Work instructions »
Would you return, word for word, the lines running from the one with "How To Tune And Modify Bosch Fuel Injection" to the final line of the listing below, pictures omitted?

Given information »
════════════════════

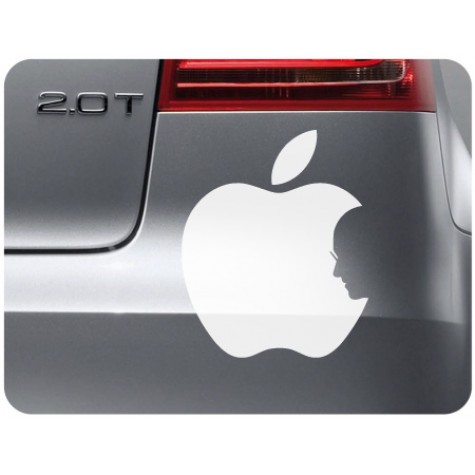 Apple Steve Jobs Tribute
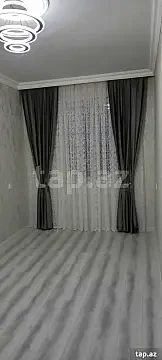 Satılır 3 otaqlı mənzil 60 m² — Bakı 3 otaq 60.00 m²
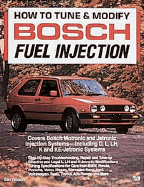 How To Tune And Modify Bosch Fuel Injection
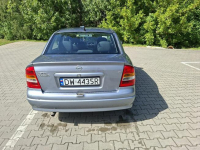 Opel astra Poręba - zdjęcie 9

════════════════════

Your solution »
 How To Tune And Modify Bosch Fuel Injection
 Opel astra Poręba - zdjęcie 9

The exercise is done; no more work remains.